Falgold faces uncertain future

Falgold faces uncertain future
Published: 06 July 2017
ZIMBABWE Stock Exchange (ZSE) listed gold miner, Falcon Gold Zimbabwe, says the future of its remaining two mines in the country is uncertain due to a deteriorating economic environment, characterised by a liquidity crisis.

Falgold said its business had been affected by lack of access to cheap debt and a hostile tax regime.

The company sold Dalny Mine to RioZim last year in a $8 million deal.

The gold focused group, which operates Golden Quarry and Camperdown mines in Zimbabwe, said the hostile climate had resulted in its net loss for the half year to March 31, 2017, growing to $2,42 million, from $351,186 during the prior comparable period.

Revenues were undermined by low prices during most of the review period, although they had been crawling back in the past few months.

But president and chief executive officer, Ian Saunders, warned that income would be affected by the Dalny Mine disposal, as the Kadoma-based mine contributed to turnover through toll processing fees.

The group made an operating loss of $2,5 million during the review period, from a loss of $820 162 previously.

Falgold has accumulated losses of $12 million, resulting in a negative equity balance of $13,8 million as at March 31, 2017.

In contrast, overheads increased during the review period, as revenue declined by 11 percent to $3,66 million, from $4,1 million recorded in the comparable period the previous year on lower volumes.

Saunders said there were no prospects that the drawbacks would be addressed immediately as most of them were outside its control.

Falcon, one of only four resources counters listed on the ZSE, has shifted from long term planning to addressing difficulties as they arise.

"Due to the serious liquidity problems, the continued absence of significant investor appetite for Zimbabwe, and the lack of profits, management of the group is, of necessity, operating the group with a determined focus on addressing short term issues as they arise, but there can be no assurance that the group will be able to continue to conduct operations should existing circumstances persist and become exacerbated," Saunders said.

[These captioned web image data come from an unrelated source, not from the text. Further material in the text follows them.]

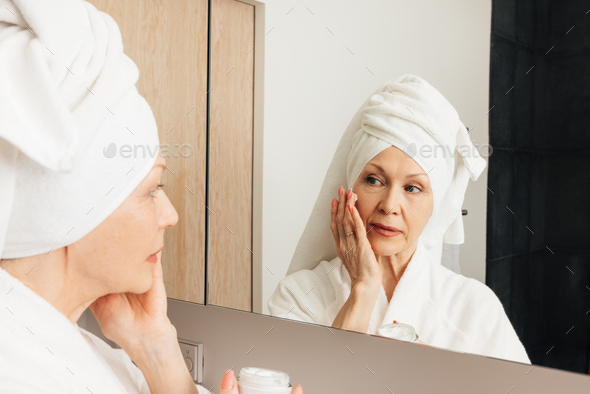 Woman Wrapped with Bath Towels, Applying Cream on her Face Stock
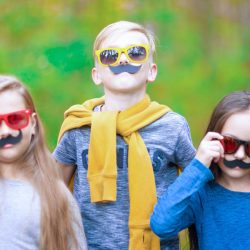 They wear fake mustaches and it works. Absurdity follows absurdity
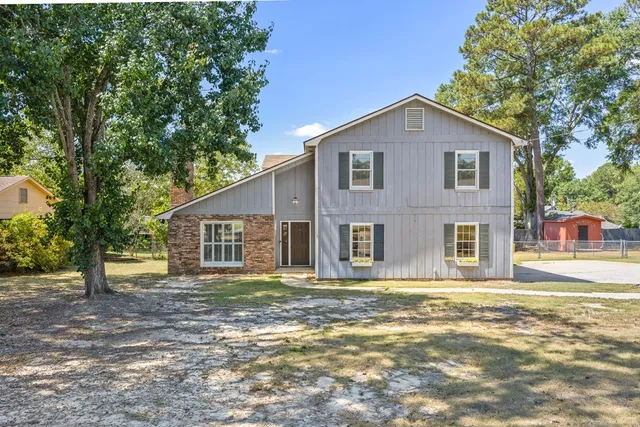 a front view of a house with a garden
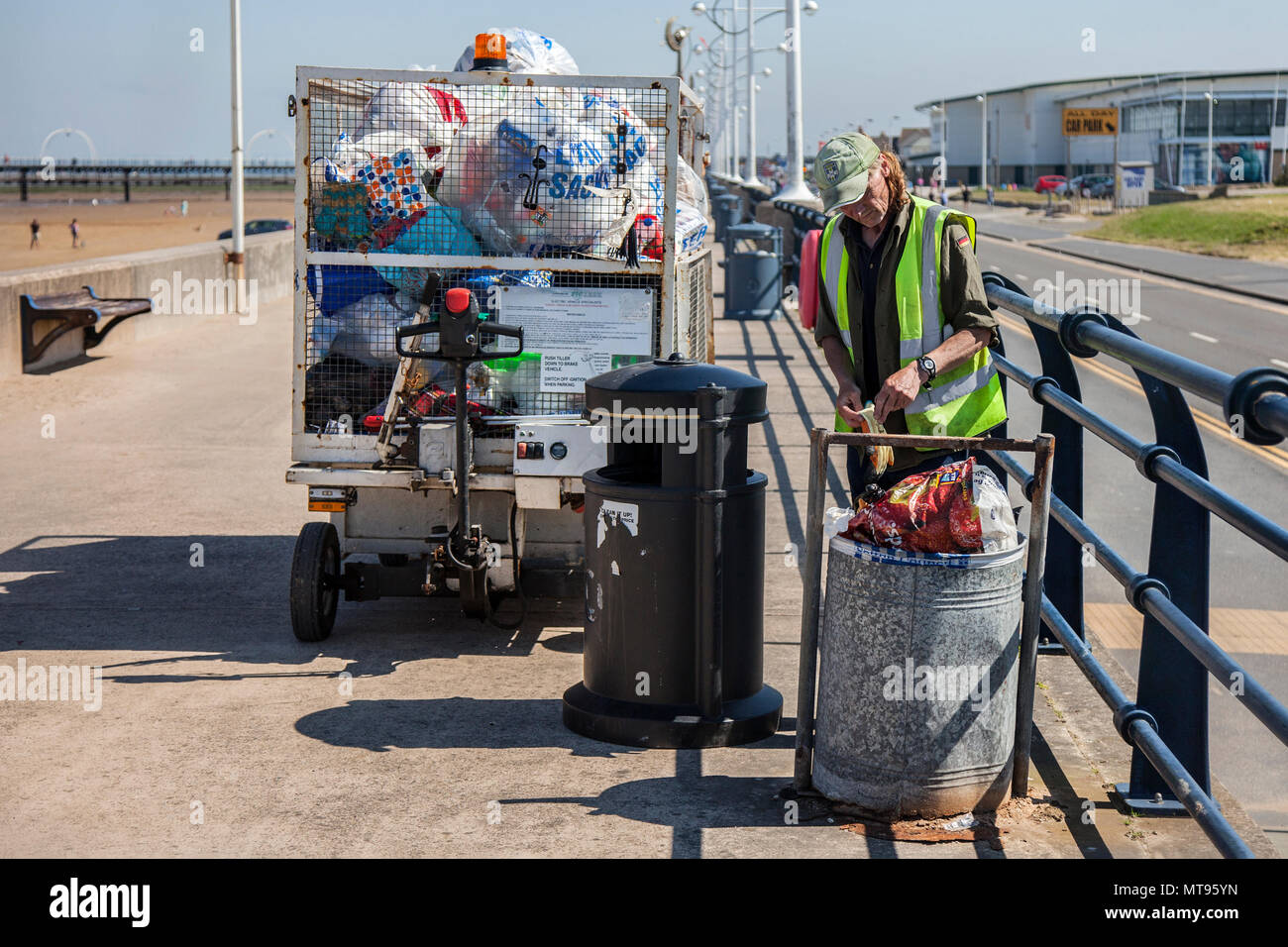 Southport, Merseyside, 29 maggio, 2018. Meteo REGNO UNITO: luminosa giornata estiva sulla costa nord-ovest come residenti locali e turisti prendere l'esercizio del mattino sul sentiero costiero e Merseyside beach. La spiaggia è addobba con Spring Bank Holiday lettiera con traboccante raccoglitori di immondizia e soffiare nella brezza. Foto Stock
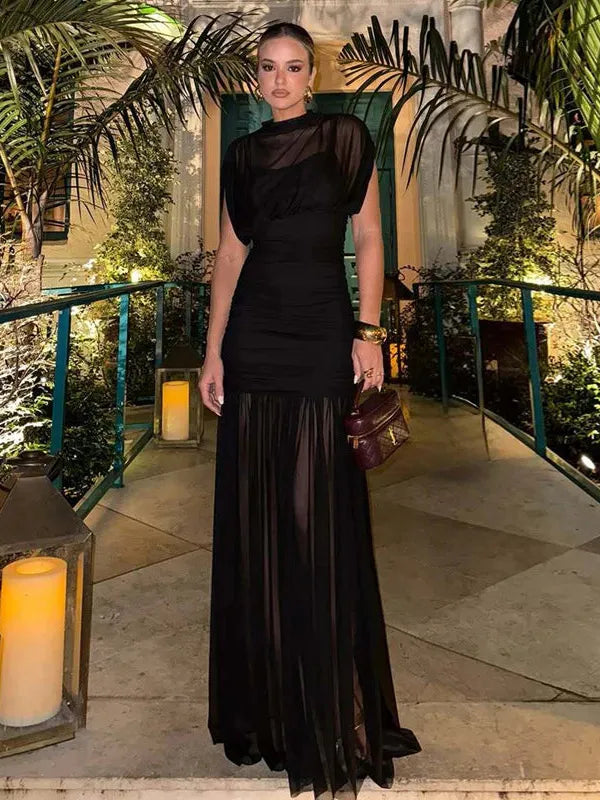 Black sheer-mesh ruched and pleated maxi dress on a woman, opaque bodice with sheer skirt, candlelit garden path.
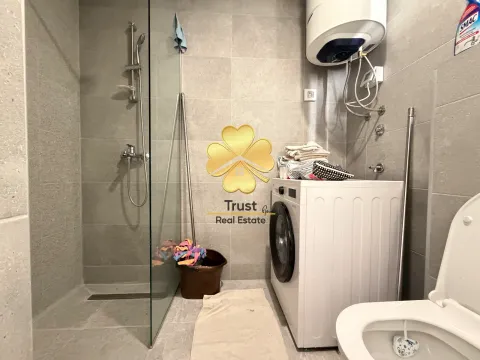 Modern bathroom with a walk-in shower, washing machine, and water heater. - image 10
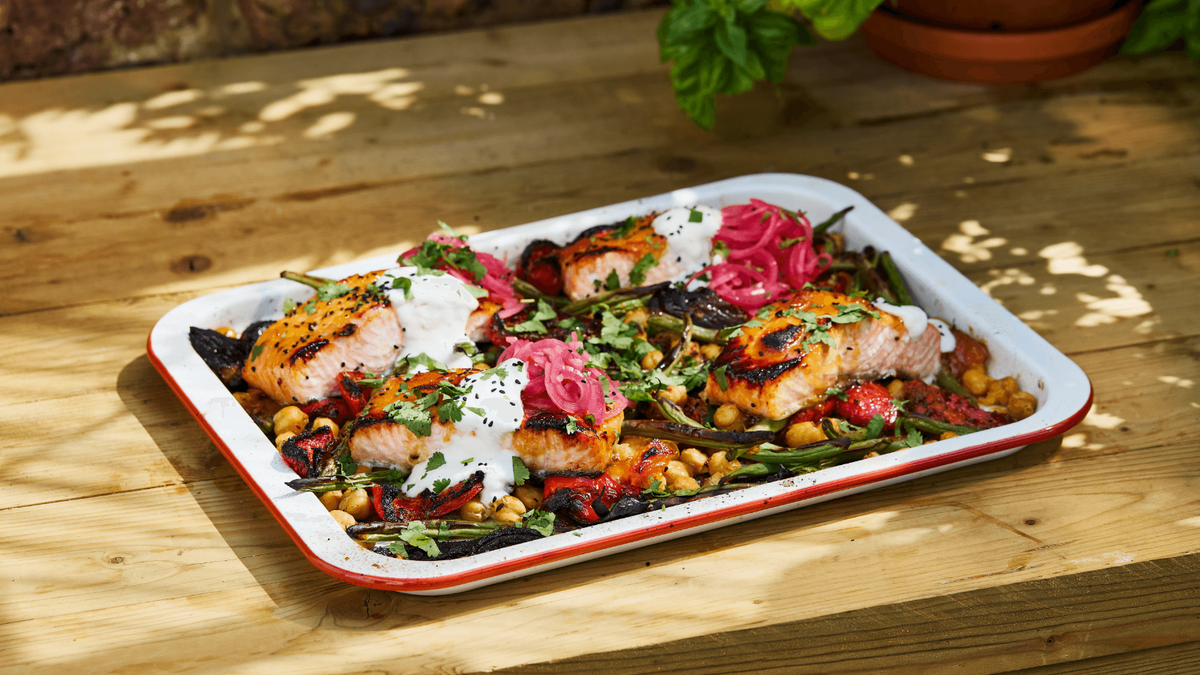 Salmon Traybake on a wood countertop with a plant in the background. recipe poster image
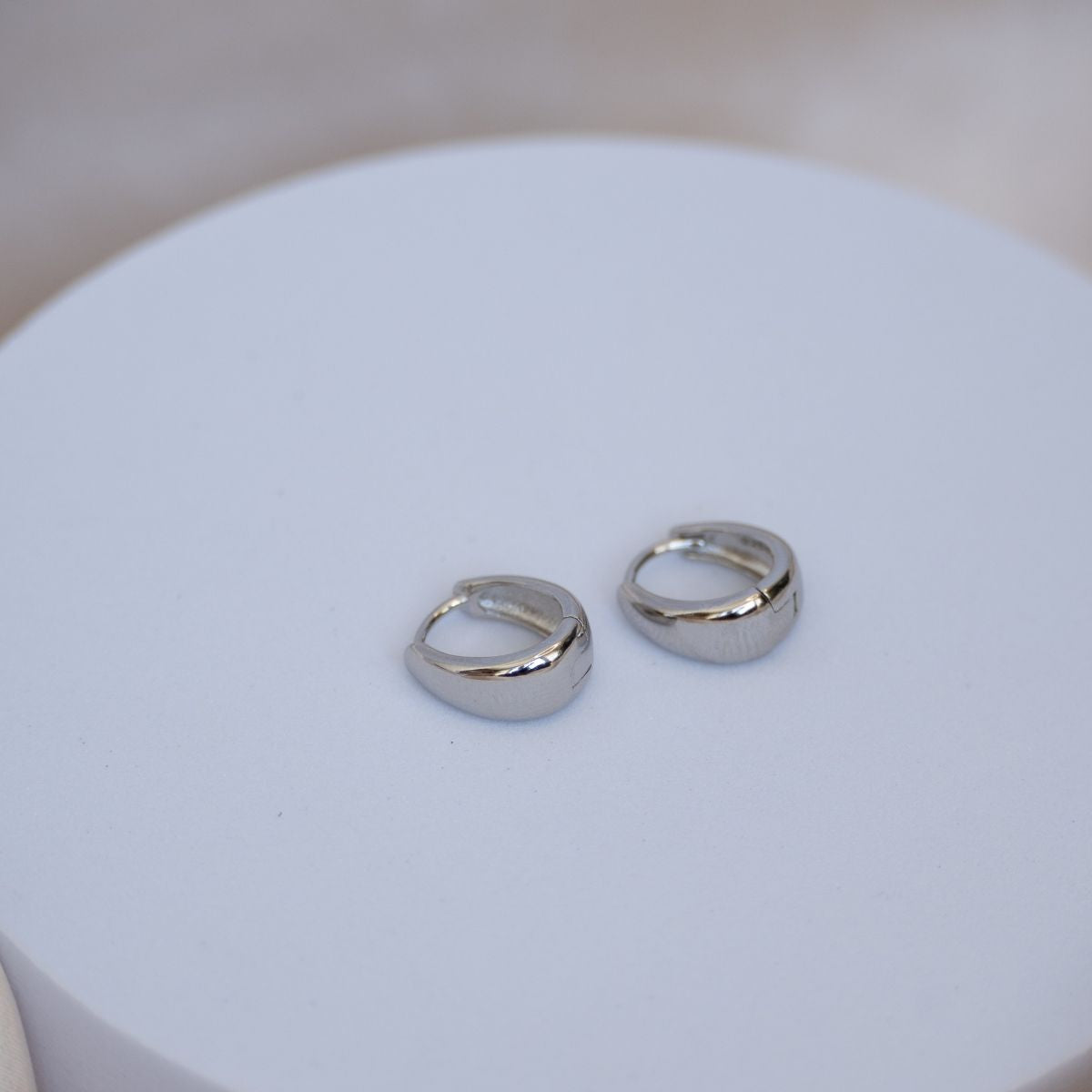 Teardrop shaped huggy earrings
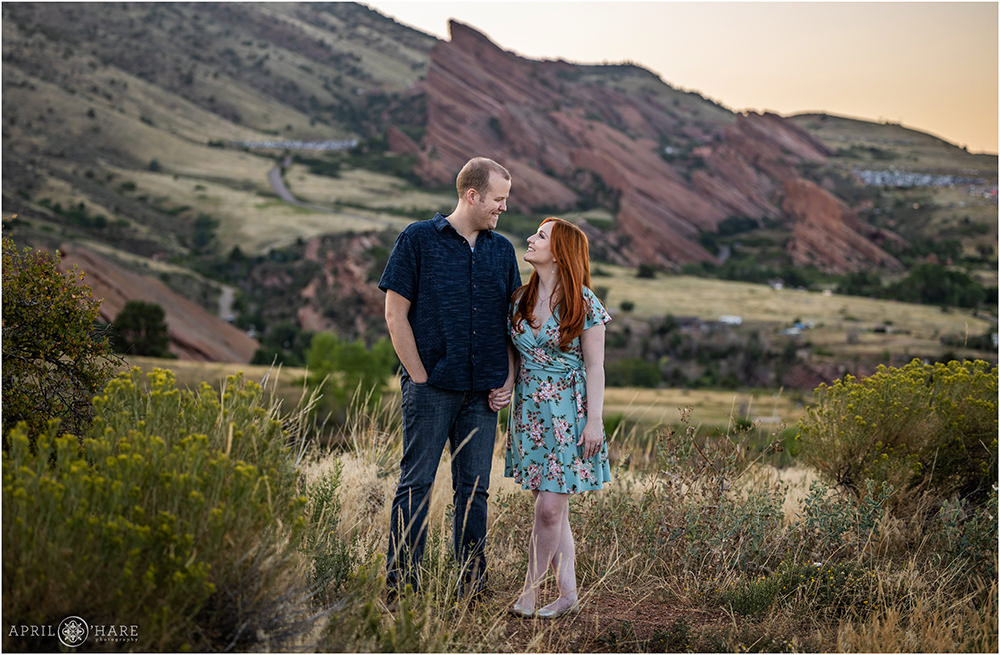 A couple holds hands and gazes into each other's eyes with plants growing around them at East Mount Falcon Trailhead with views of Red Rocks Amphitheater behind them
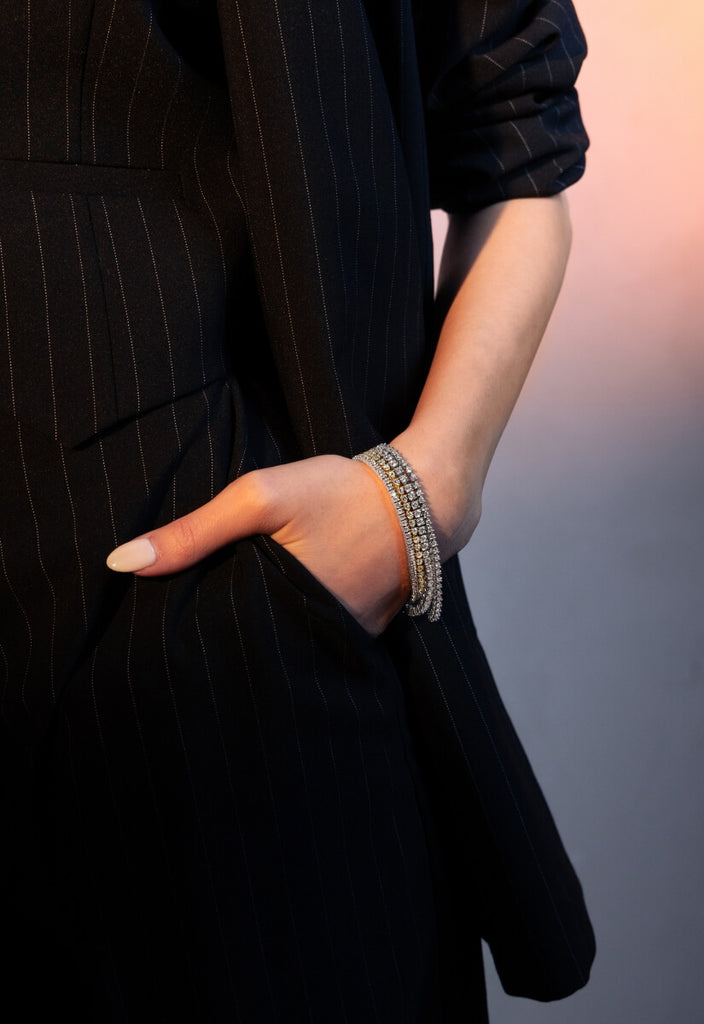 model wearing white and yellow gold diamond tennis bracelets from the ecksand starlight collection on a pink background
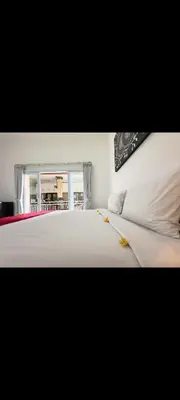 a bedroom with a large white bed and a window at narayuka house kamar 3 in Seminyak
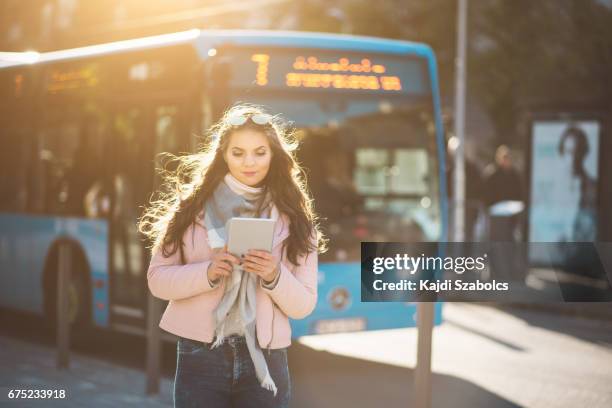 women using tablet in budapest - bus hungary stock pictures, royalty-free photos & images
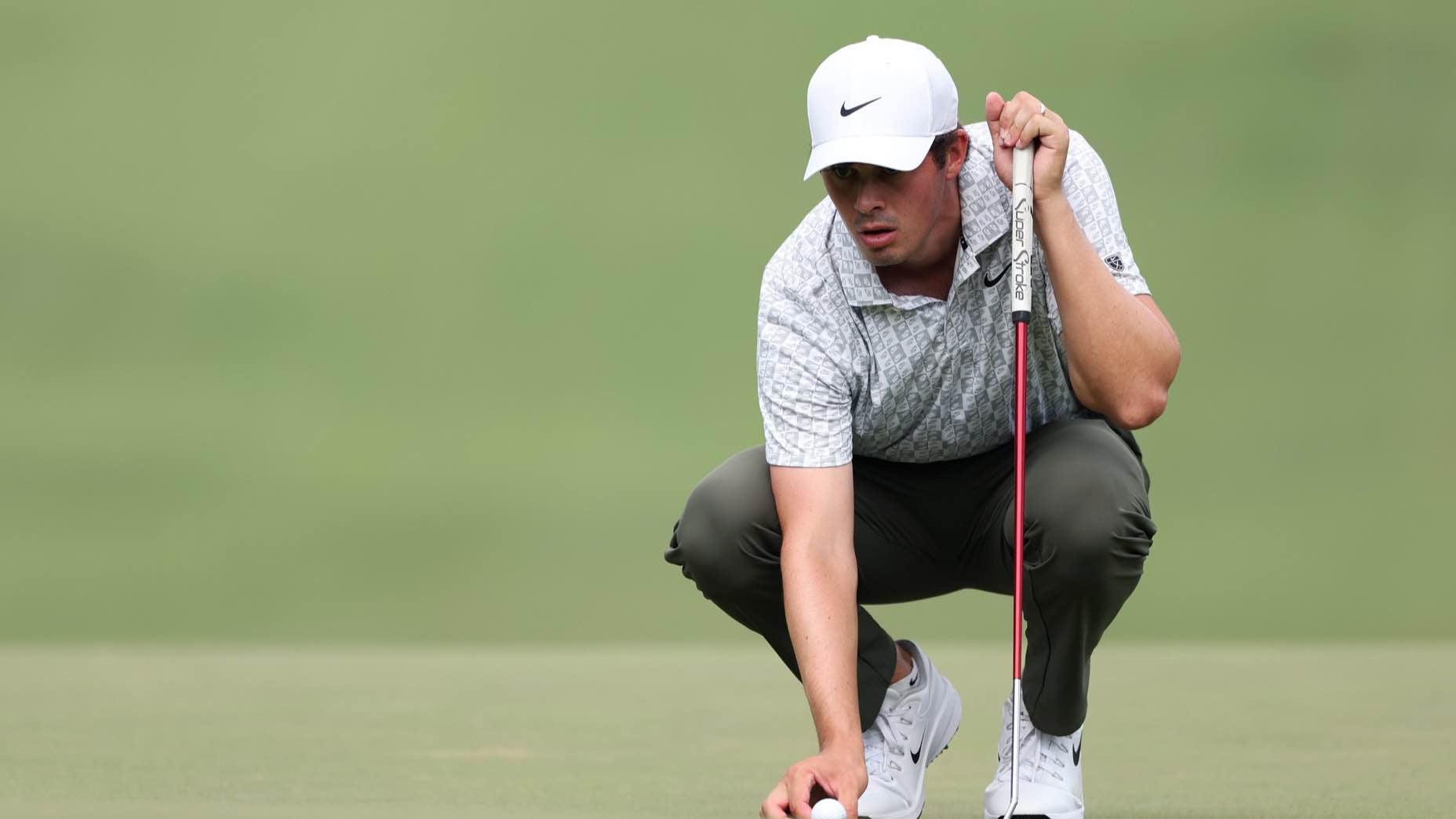 A golfer in a white cap and patterned shirt squats on the green, focusing on placing his golf ball while holding a putter, with a blurred grassy background.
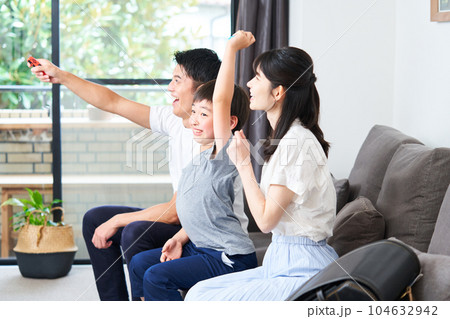 ソファーに座りゲームを楽しむ親子　 104632942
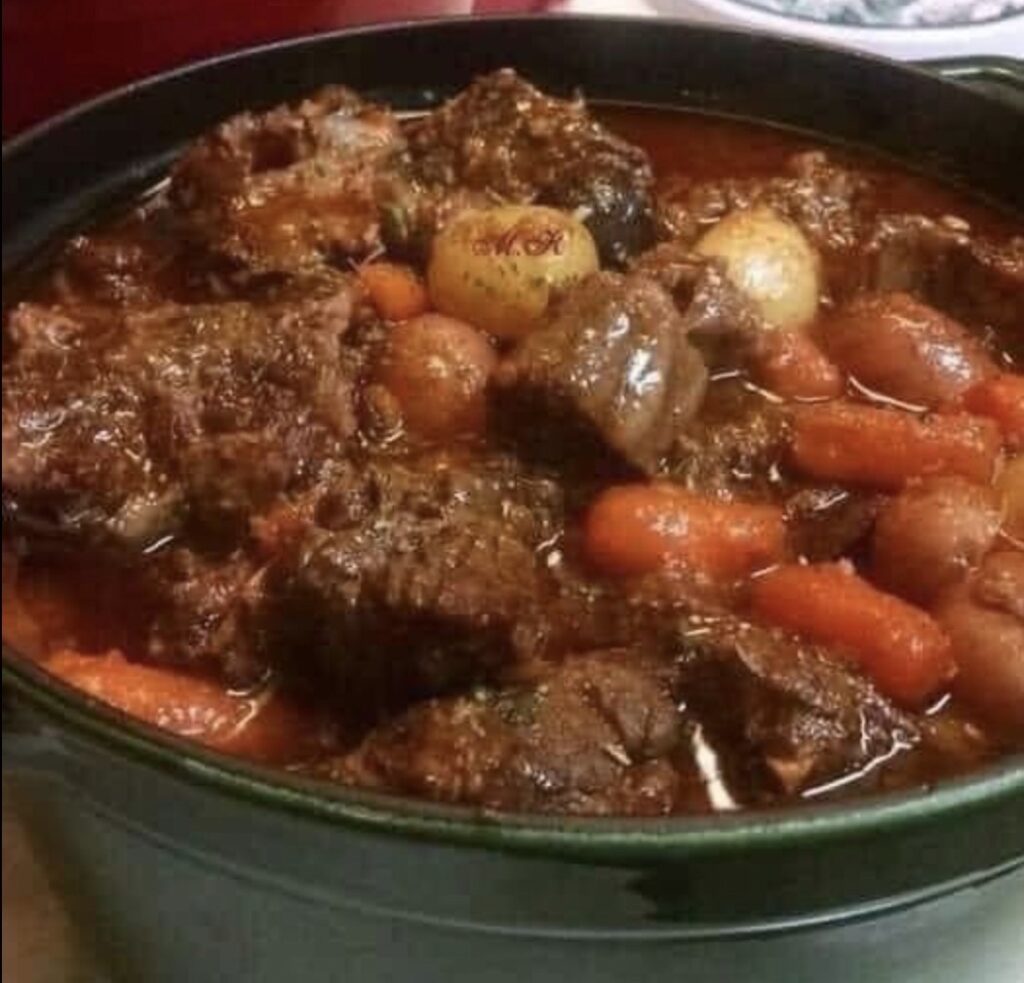 A tempting image capturing a steaming bowl of the Best Ever Beef Stew, showcasing succulent chunks of beef, colorful vegetables, and fragrant herbs in a rich broth. The inviting warmth and homely charm of this classic comfort dish are beautifully presented.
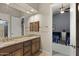 Bathroom featuring double sinks with granite counters, dark wood cabinets and access to bedroom at 12006 E Yucca St, Scottsdale, AZ 85259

"The majority of factors affecting the group's operations are external factors outside of its control. As such there is significant pressure on the group's efforts to survive. Accordingly, and as stated previously, for any number or combination of reasons, should the group be forced to consider shutting down its remaining mining operations, either temporarily or permanently, and or liquidating the group and its assets in a formal or informal arrangement, then the group may be unable to continue realising the value from its assets and discharging its liabilities in the normal course of business," he added.

During the review period, gold production declined by 19,4 percent to 2 970 ounces, relative to 3 687 ounces produced during the same period the previous year.

Mining and processing costs increased to $5,6 million during the review period, from $5,42 million at the same time the previous year, with administration costs rising by 22,2 percent to $635 836 from $520 185.

"To increase the tonnage of higher grade ore from the mines, the long awaited project, the seven level loading station at Golden Quarry and the increased hoisting capacity at Camperdown, are finally scheduled to be commissioned during July 2017.

"Of the three mills (that Falgold operates), one is reasonably reliable, and several years of service are expected from it. The other two mills have serious equipment issues that are limiting their reliability and productivity. We are continuing to address the issues, although limitations on replacement parts have and are expected to continue to impact operations for at least the near term and possibly longer," said Saunders.